Buying a home is usually the largest purchase one makes in their lifetime. Fear will exist, no matter what. If you have an opportunity to buy something, then GRAB IT! Kicking the can down the road will only increase your worry and angst.

Most people who have been looking for homes for several months can tell you that they “regret not buying one of the homes they had been shown earlier in the process.” In life, there will always be something “bigger” and “nicer.” If you can make something work now and it checks the important boxes, go for it.

What are the pros and cons of buying a fixer-upper?

I was recently asked by a member of the media:  What are the pros and cons of buying a fixer-upper instead of a turnkey home?  This is what I told them:

These are the pros of buying a fixer-upper:

  • Taxes are less: Most residential property taxes are calculated using the most recent purchase price of a property. As a homeowner, you will pay less when buying a “handyman special” than, say, a freshly renovated, walk-in-ready home. Sometimes, if done properly, a homeowner can apply for energy-efficient tax credits when doing certain renovations which can help the bottom line as well. And finally, most of the money you do spend on the renovations can count towards your bottom line and can go towards your capital gains tax when it comes time to sell the home.
  • Flip potential: When purchasing the property, you should look around the area at similar homes to see what the other fixed-up ones are selling for. If executed properly, your home should be worth more than what you paid for it and spent in upgrades/renovations. As a general rule, try to stick to houses that only need cosmetic work, as opposed to structural. This will save you a whole lot of heartache and will make it easier for you to turn a potential profit.
  • Creativity: One of the best parts of buying a “handyman special” is that you can really make it your own. You can choose everything from start to finish. Depending on how much you decide to do, it can be anything from the color of the paint to the cabinets in the kitchen and beyond. When you buy a home that is all fixed up, you usually won’t have enough money to change anything, and usually will just settle with what’s there. Sure, you may like it, you may even like it a lot, but it’s not going to be exactly what you want.

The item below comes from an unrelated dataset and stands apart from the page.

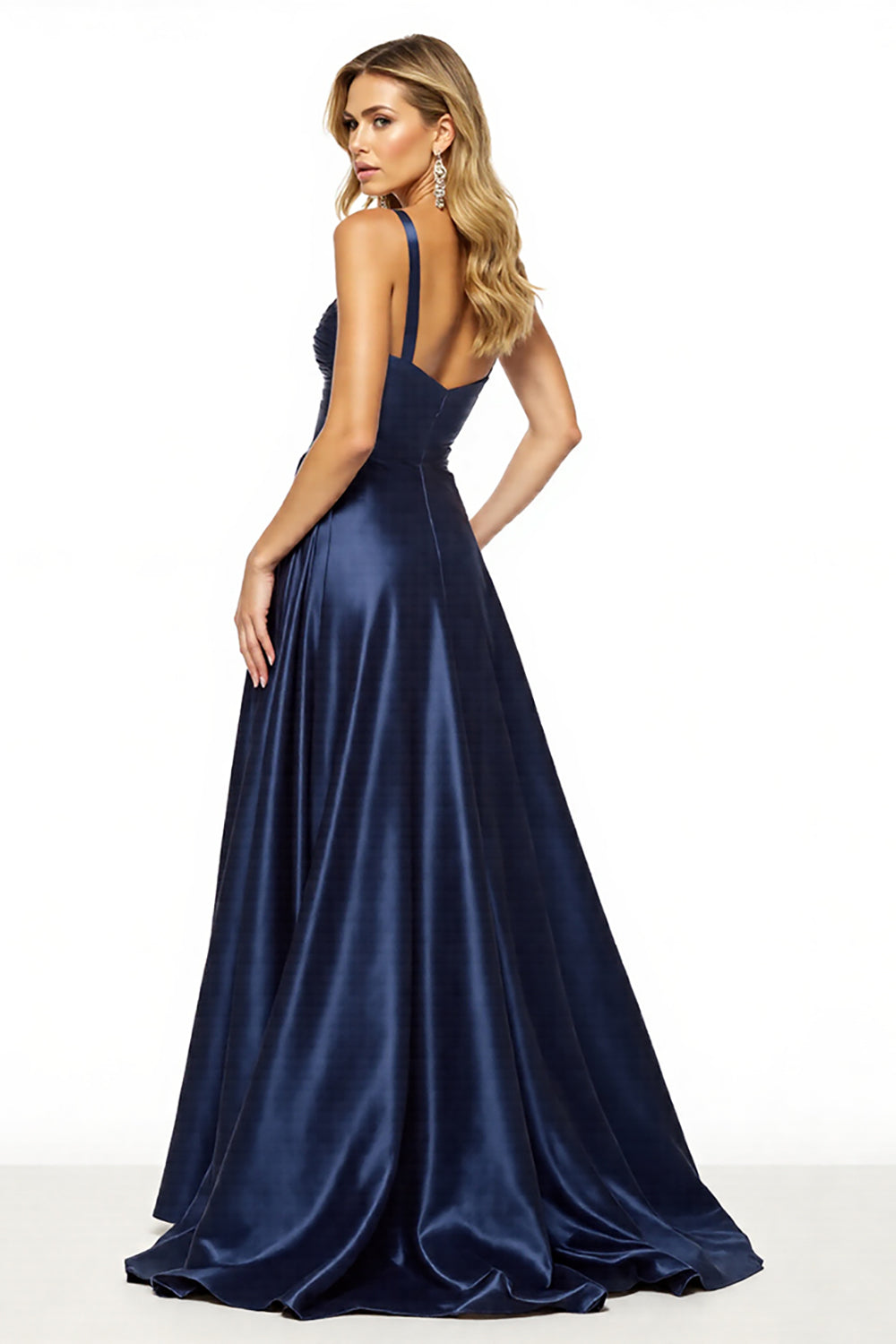 Navy A Line Spaghetti Straps Prom Dress with Slit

And now, here are the cons of buying a fixer-upper:

  • Renovation costs: Prior to bidding on a property, try to calculate how much work the home will need, and how much this work is going to cost. If you have the time and the ability, it’s recommended to speak to at least three different contractors and get three separate itemized quotes. In addition, I would also suggest getting a separate quote for labor and materials. Always include a 20% cushion of the entire budget for unforeseen expenses.
  • Effort: Fixing up a house is a grueling and stressful process. Most remodels can take anywhere from 3-9 months. You need to be prepared for your living quarters to be a “war zone” for quite some time. If you’re not up to dealing with contractors yelling at you, nagging and nosy neighbors, and unforeseen leaks here and there, a brand new, fully cleaned up home may just be the thing you need.